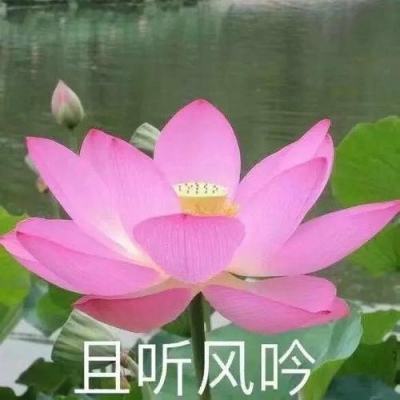 【境内疫情观察】广东四市新增6例本土病例（6月18日）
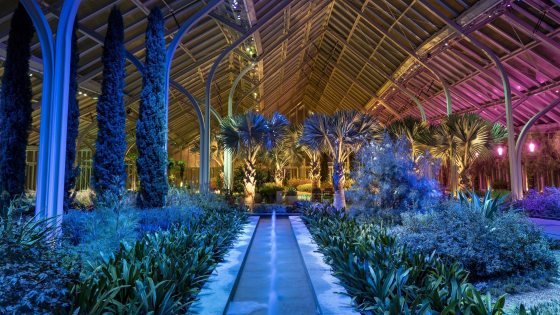 Indoor conservatory with tropical plants and soaring arches, lit with blue, gold, fuchsia.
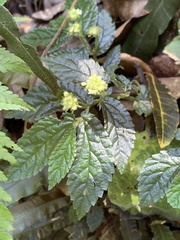 Elatostema reticulatum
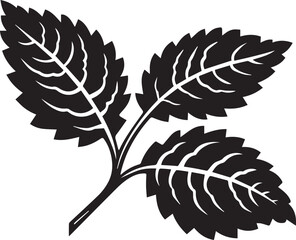 Fototapeta premium Raspberry Leaf Black And White, Vector Template Set for Cutting and Printing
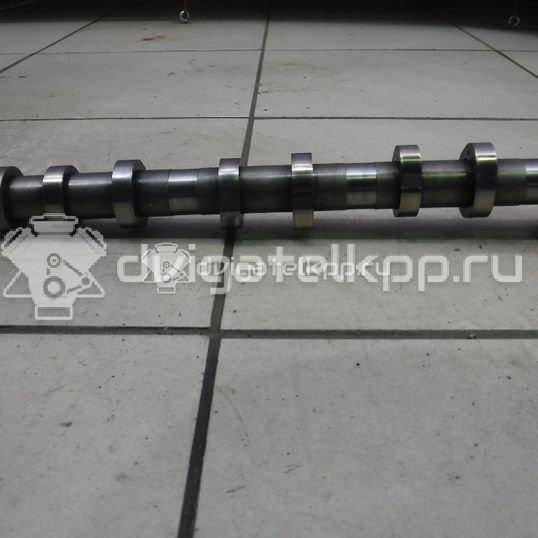 Фото Распредвал выпускной  059109009DJ для Volkswagen Touareg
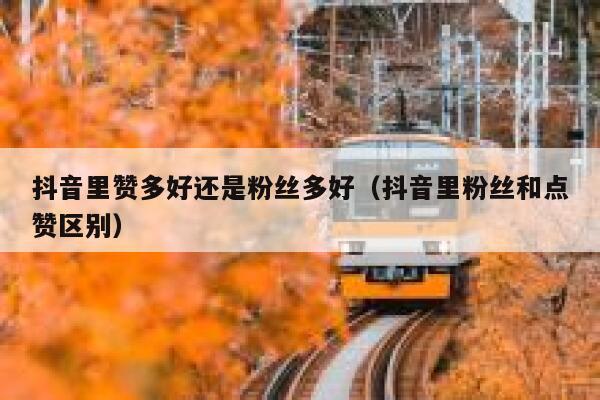 抖音里赞多好还是粉丝多好(抖音里粉丝和点赞区别) 第1张 抖音里赞多好还是粉丝多好(抖音里粉丝和点赞区别) 第1张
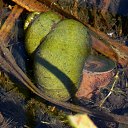 ���� �����, �����, 64 ���� - ��������� 9 ���� 2015 � ������ ����� ���� ���� (07.06.2015)�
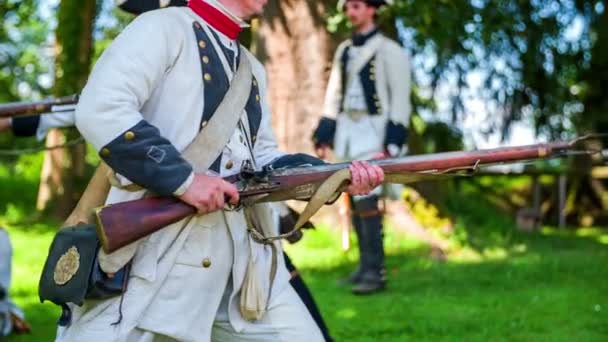 Training of Napoleon's army — Stock Video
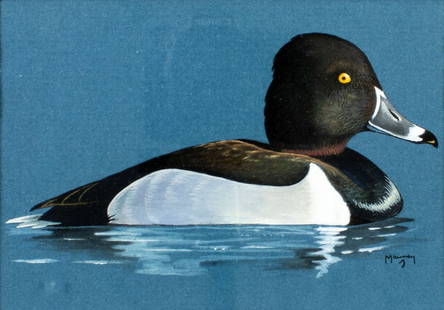 Lee Mauney (NC,20/21C) gouache painting: ARTIST: Lee Mauney (North Carolina, 20/21 centuries) TITLE: Ring Neck Duck MEDIUM: gouache on paper CONDITION: Very good. Framed under glass. ART SIZE:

== == ==

Restate word for word every line from the top of the entries above to the line with "抖音里赞多好还是粉丝多好(抖音里粉丝和点赞区别) 第1张 抖音里赞多好还是粉丝多好(抖音里粉丝和点赞区别)", inclusive, and skip any pictures.

▶ SOLUTION FOR THIS PROBLEM:
 【境内疫情观察】广东四市新增6例本土病例（6月18日）
 Indoor conservatory with tropical plants and soaring arches, lit with blue, gold, fuchsia.
 Elatostema reticulatum
 Fototapeta premium Raspberry Leaf Black And White, Vector Template Set for Cutting and Printing
 Фото Распредвал выпускной  059109009DJ для Volkswagen Touareg
 抖音里赞多好还是粉丝多好(抖音里粉丝和点赞区别) 第1张 抖音里赞多好还是粉丝多好(抖音里粉丝和点赞区别) 第1张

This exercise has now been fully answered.